Por Dr. Ramón Ceballo
La política internacional de Donald Trump, lejos de ser un ejercicio de diplomacia o cooperación, se ha convertido en una estrategia agresiva que apunta a someter a quienes desafían los intereses de Estados Unidos.
Su estilo es claro: confrontar, sancionar y aislar a todo gobierno o liderazgo que cuestione la hegemonía norteamericana, sin importar las consecuencias sociales o políticas que esas medidas provoquen en la región.

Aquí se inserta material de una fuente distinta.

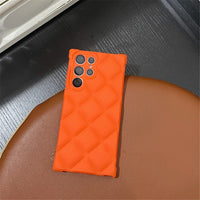 3D Diamond Silicone Case for Samsung S22 S21 series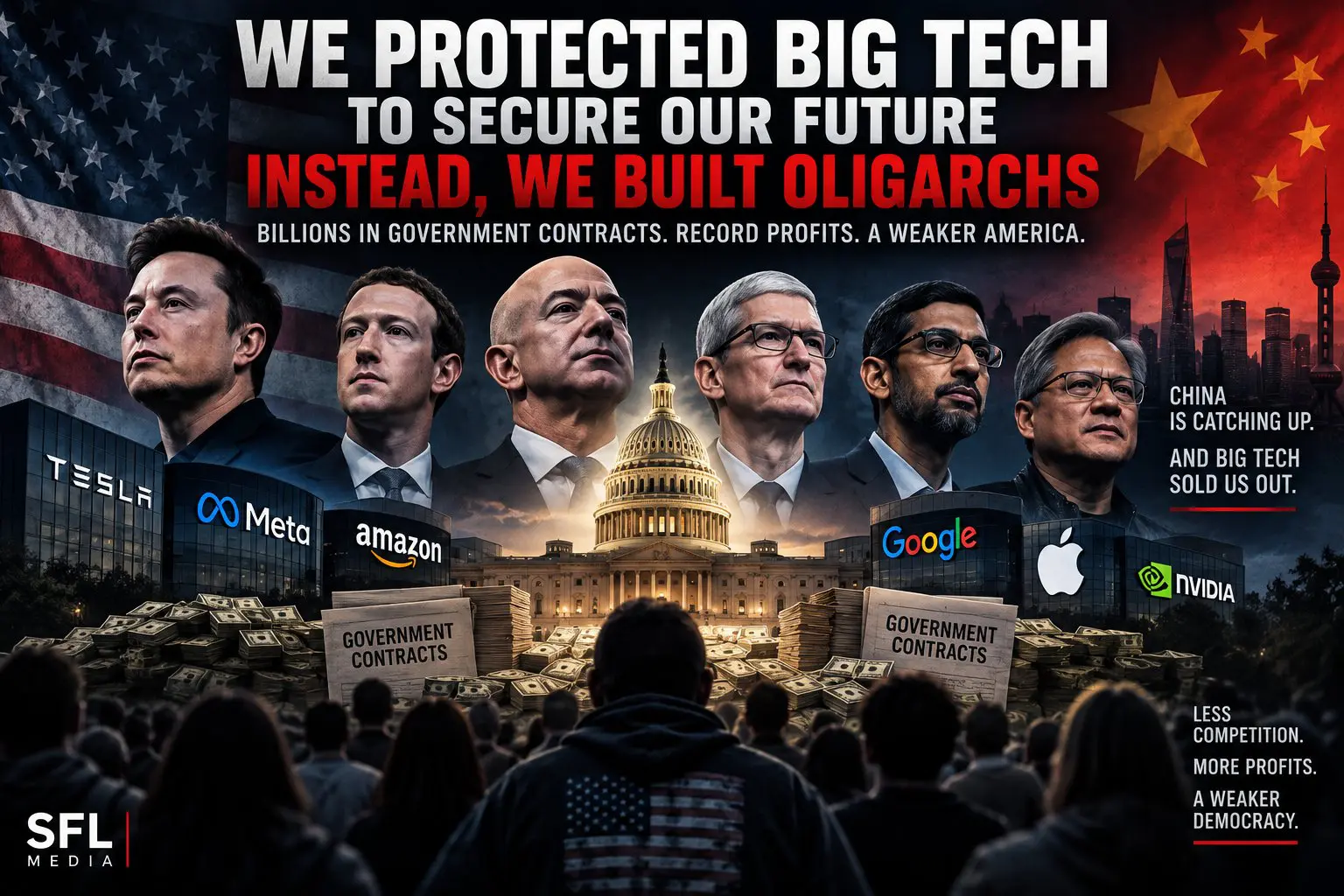 American Oligarchs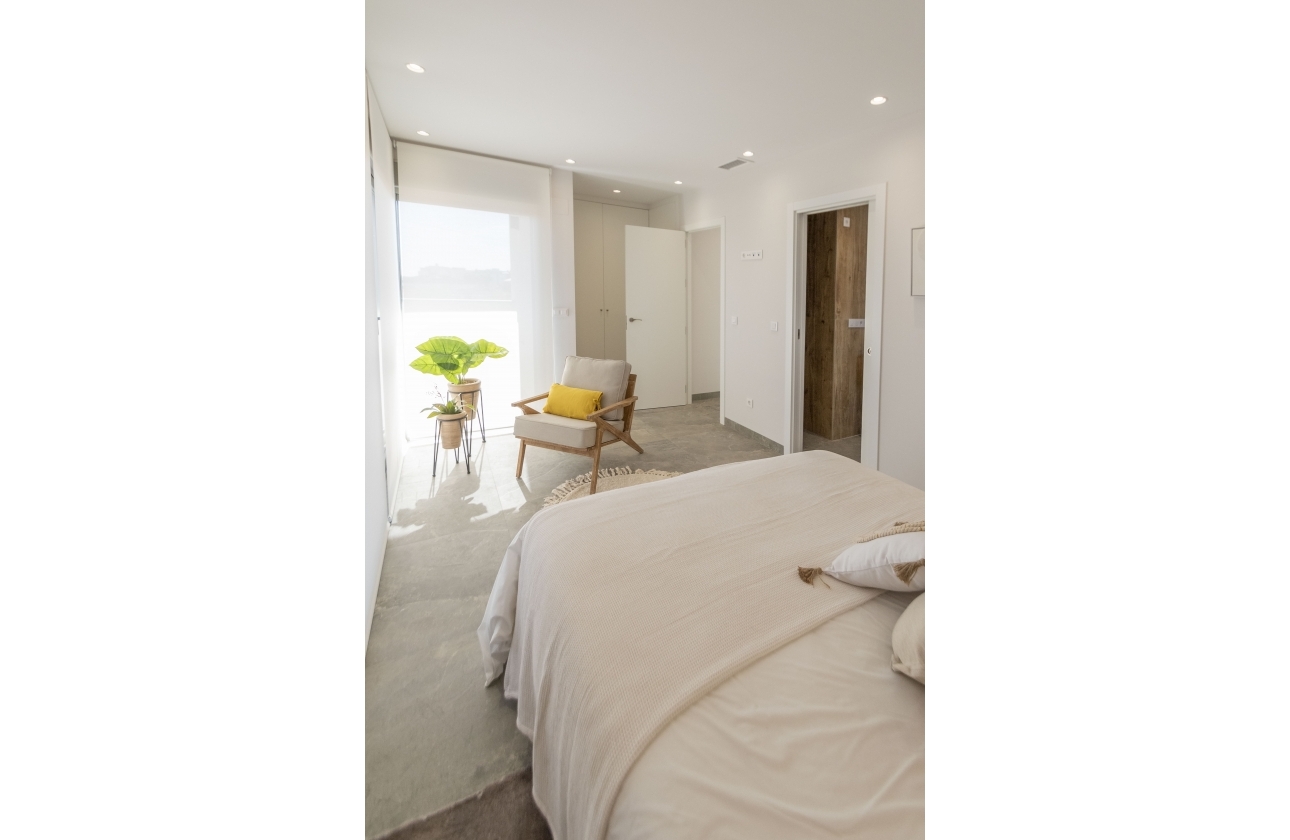 Obra nueva - detached - Pilar de la Horadada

Trump no busca “hacer un paseo por el parque”; su narrativa está orientada a la acción directa y coercitiva. El guion es viejo, pero renovado con propaganda trumpista: primero fueron los acusados de comunistas, luego los señalados como terroristas, y ahora la etiqueta predilecta es el narcotráfico. Cualquier Estado, movimiento social o liderazgo que se resista a los designios de Washington corre el riesgo de ser demonizado bajo este marco acusatorio.
En América Latina, la confrontación no es gratuita. Trump es consciente de que China y Rusia buscan expandir su influencia en la región, ofreciendo inversiones, cooperación tecnológica y respaldo político. Ante ese escenario, la estrategia trumpista no apuesta al diálogo ni al respeto a la soberanía, sino al viejo método imperial: sanciones económicas, presión diplomática, aislamiento internacional y, cuando lo considera necesario, la presencia política y militar.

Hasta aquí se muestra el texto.